Under the USAID initiative, $125 million will go to reviving Afghanistan’s food and farm sector, and another $77 million to opening up the country to greater international trade and investment. The last program, valued at about $100 million, would seek to assist Afghanistan’s educational system.

A report released late last month by the Special Inspector General for Afghanistan Reconstruction (SIGAR) found that Afghanistan cannot be trusted to properly spend the millions of dollars it receives in aid from the United States. The report found that none of Afghanistan’s 16 ministries could be entrusted with USAID funds without high risk of that assistance being stolen or wasted.

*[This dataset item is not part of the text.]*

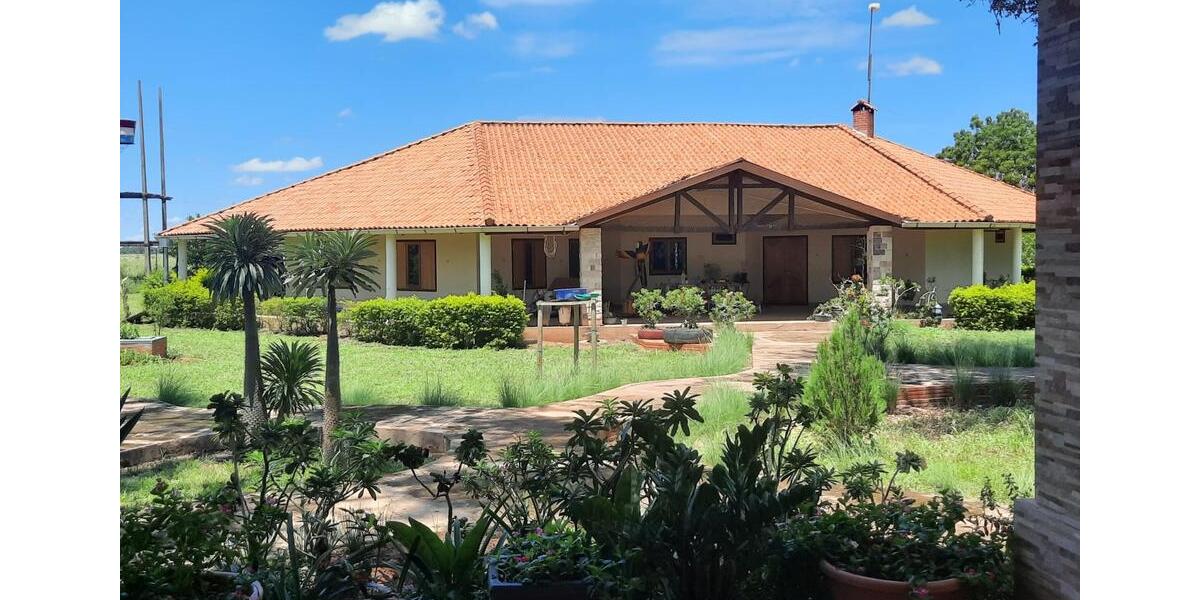 Bungalow Marienheide - 320.000&euro; | Angebot:26168501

In September, the SIGAR chastised USAID for poor oversight of money the agency spent there. A SIGAR report highlighted how USAID gave over $230 million to the Afghan Ministry of Health with little guidance for how the money was to be spent.

“Despite financial management deficiencies at the Afghan Ministry of Public Health, USAID continues to provide millions of US taxpayer dollars in direct assistance with little assurance that the (ministry) is using these funds as intended,” according to the SIGAR report.

Meanwhile, after a long, protracted struggle that sought to convince Afghanistan President Hamid Karzai to approve a security deal, the US is considering leaving the issue suspended until the Afghan presidential elections in April in order to address Karzai’s successor.

The Obama administration has long hoped to get the long-lasting bilateral security deal with Kabul signed by the end of 2013, yet Karzai has refused to take responsibility for leaving a several thousand-strong US military contingent in the country beyond 2014.